C'est une histoire vraie dont est extraite cette pièce. Un drame qui eut lieu en 2003 au Grand-Bornand, duquel l'autrice et comédienne Samira Sedira a d'abord tiré un roman (publié aux Éditions du Rouergue), puis cette adaptation pour la scène à la demande d'Éric Massé, metteur en scène et codirecteur du Théâtre du Point du Jour. Une histoire qui glaça le sang de toute une région.



© Jean-Louis Fernandez.
© Jean-Louis Fernandez.
Histoire complexe dans ses leviers d'action puisque dans ce fait divers, rien ne prédisposait le coupable à ce qu'il accomplisse le crime qu'il finit par accomplir. Pour en saisir tous les tenants et les aboutissants, Samira Sedira revient aux origines mêmes de la rencontre entre victimes et meurtrier et le spectacle va dérouler, action après action, tous les rouages qui vont mener ces gens ordinaires au drame sanguinaire.

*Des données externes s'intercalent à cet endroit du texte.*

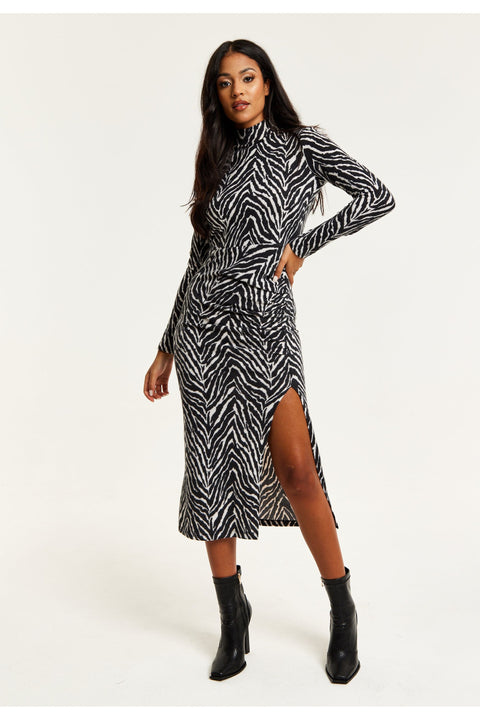 Brushed Knit Mono Zebra Print Midi Dress With Front Slit by Liquorish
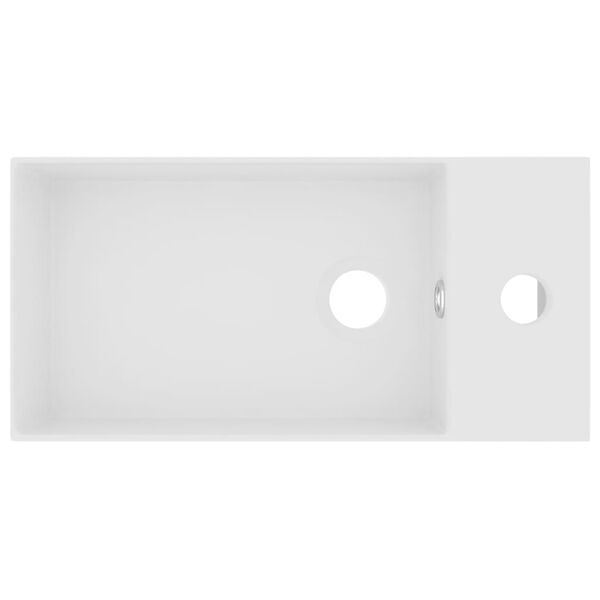 vidaXL Wastafel met overloop keramiek matwit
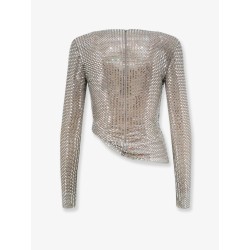 Mesh top with all-over rhinestones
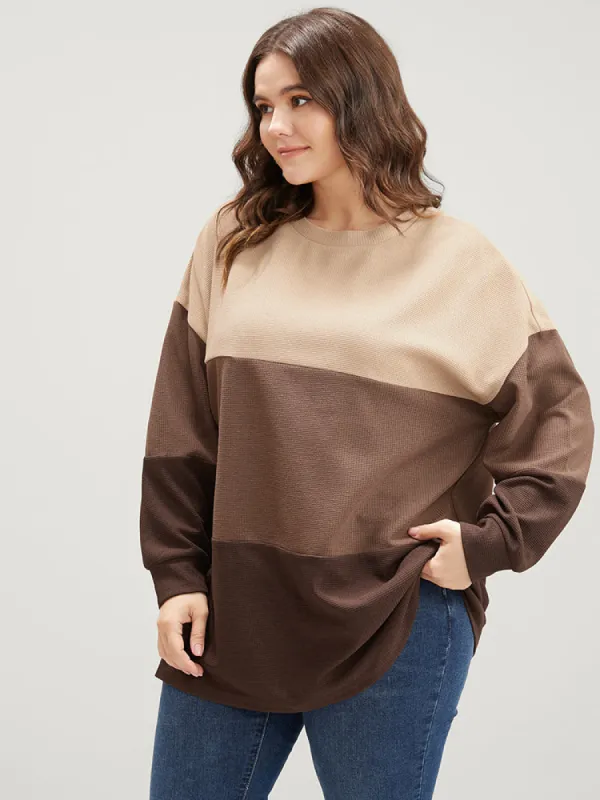 Colorblock Contrast Round Neck Drop Shoulder Sweatshirt sold by Bloomchic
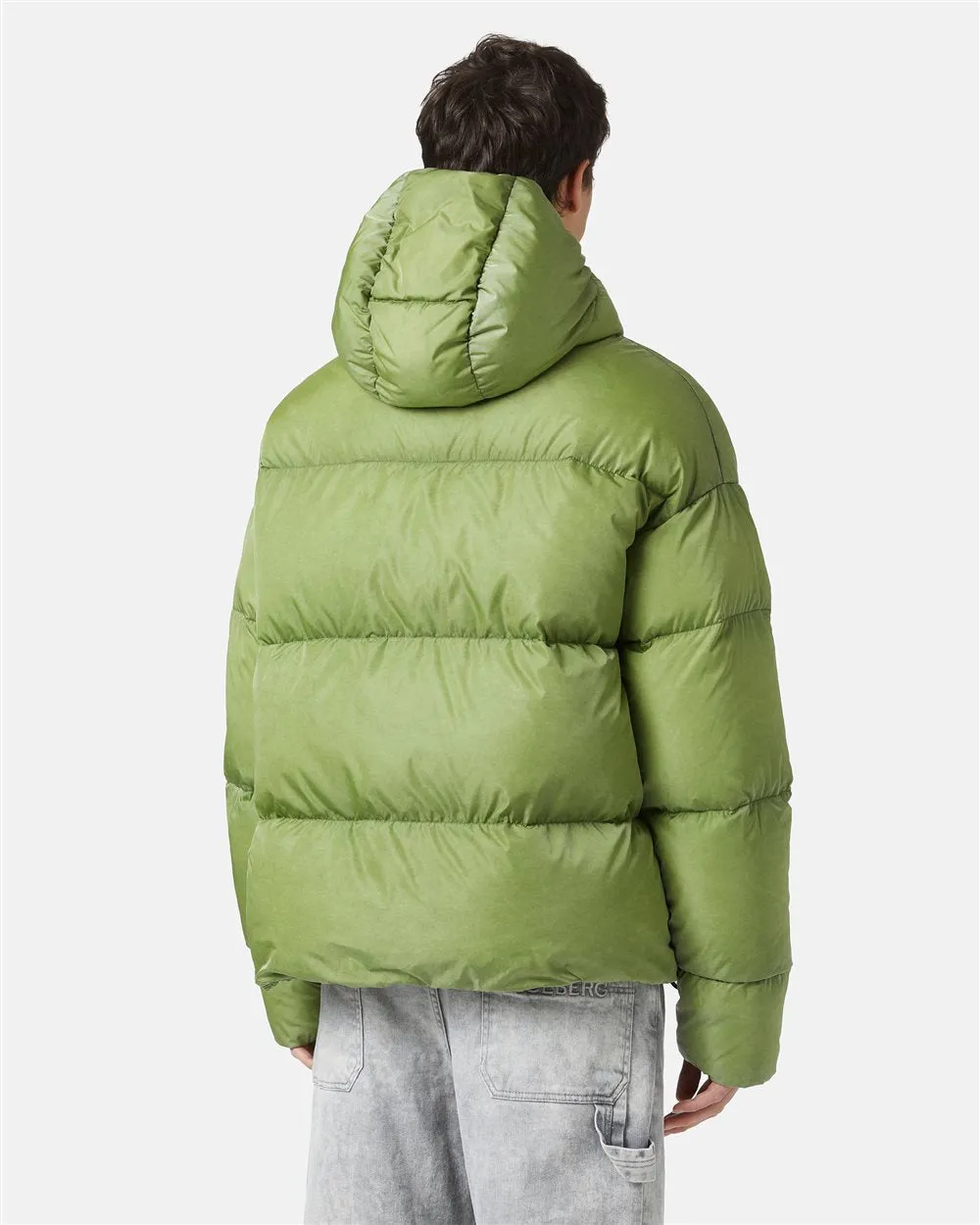 Short down jacket with hood (Green) - I24J11051895762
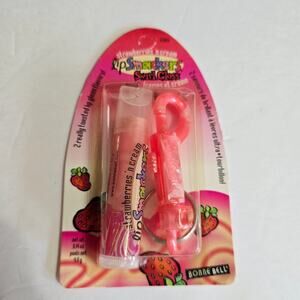 NIP Y2K Bonne Bell LipSmackers Strawberries 'N Cream Swirl Gloss with Clip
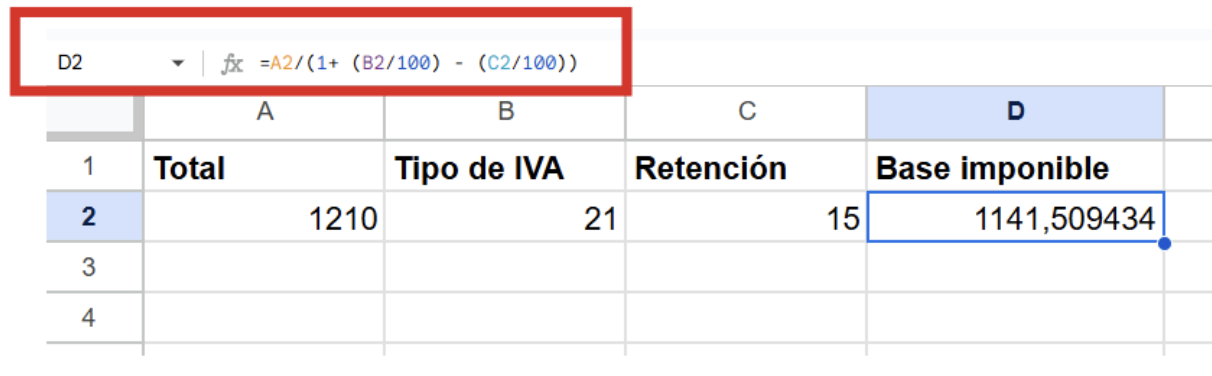 Pantalla de Excel donde se señala la nueva formula Excel para obtener la base imponible.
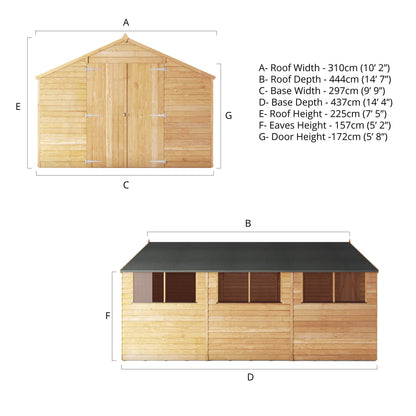 Overlap Apex Shed 15'x10'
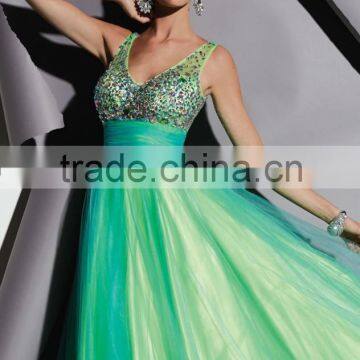 Hot Sale Elegant and Beautiful Organza Prom Dress With Colorful Beading and Tank High Quality V-Neck A-Line Prom Dress photo-3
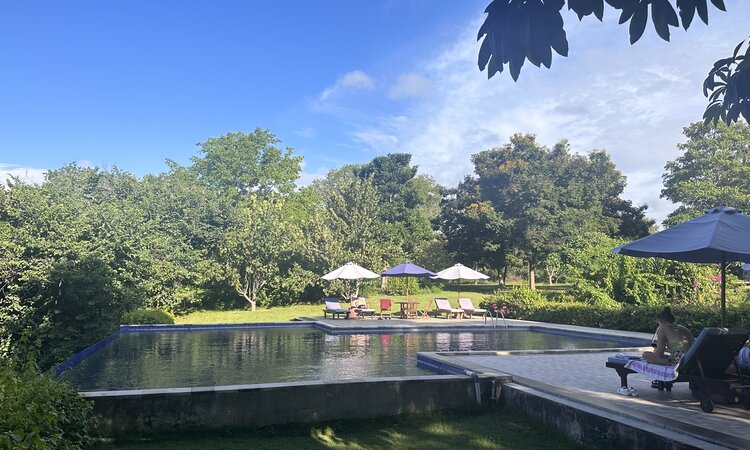 Pool area in Semawa Seaside Cottages, Indonesian island of Sumbawa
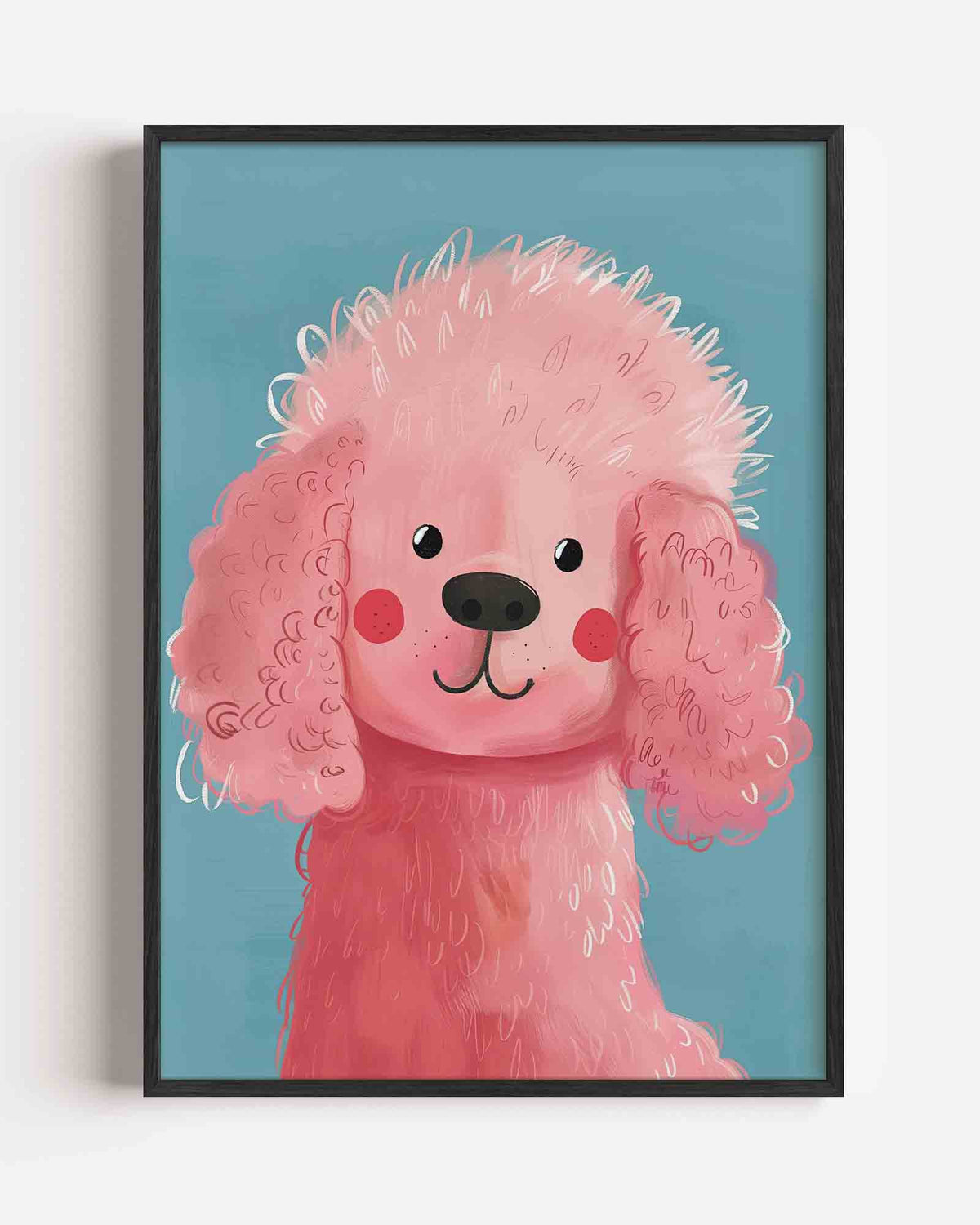 Roze hond – kids portret poster als wanddecoratie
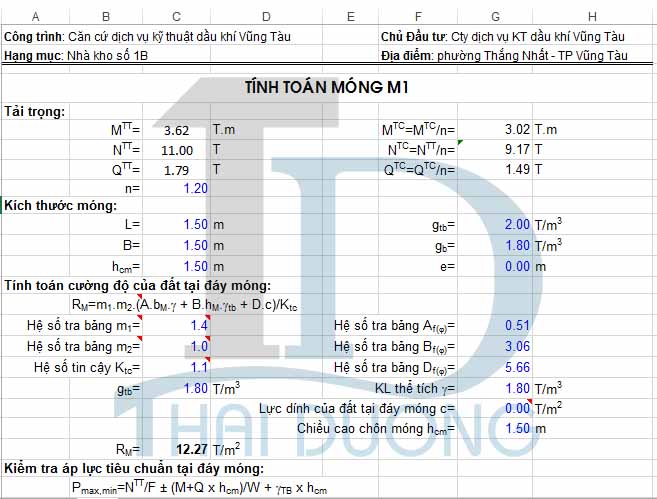 Bảng tính móng đơn M1 bằng Excel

Tout commence dans un petit village de montagne, Carmac, le jour où le couple Langlois et ses enfants arrivent. Ce sont des citadins, fortunés, qui font construire un immense chalet pour s'installer là et y continuer leurs activités lucratives : une société qui propose des voyages touristiques exceptionnels à une clientèle en quête d'originalité. Dans ce petit village où le quotidien sent le train-train, où tout le monde se connaît, où la vie ne semble ne faire que se répéter depuis des siècles sans jamais espérer changer d'un iota le rythme des saisons, des mariages, des naissances, des enterrements, l'arrivée de ces nouveaux habitants va vite créer des remous.

Leur richesse apparente, leurs grosses voitures (un Hummer, entre autres), leurs réceptions dont ils font profiter leurs nouveaux voisins font jazzer et attirent certains quand d'autres se prennent à jalouser. Mais c'est surtout l'affabilité débordante de ce couple, en particulier de cet homme, Bakari Langlois, qui attire le voisinage autant qu'il déclenche des rivalités entre les gens du village.

© Jean-Louis Fernandez.
© Jean-Louis Fernandez.
Un détail qui a toute son importance dans ce schéma qui mène de la tranquillité à la tragédie sociale, Bakari est noir.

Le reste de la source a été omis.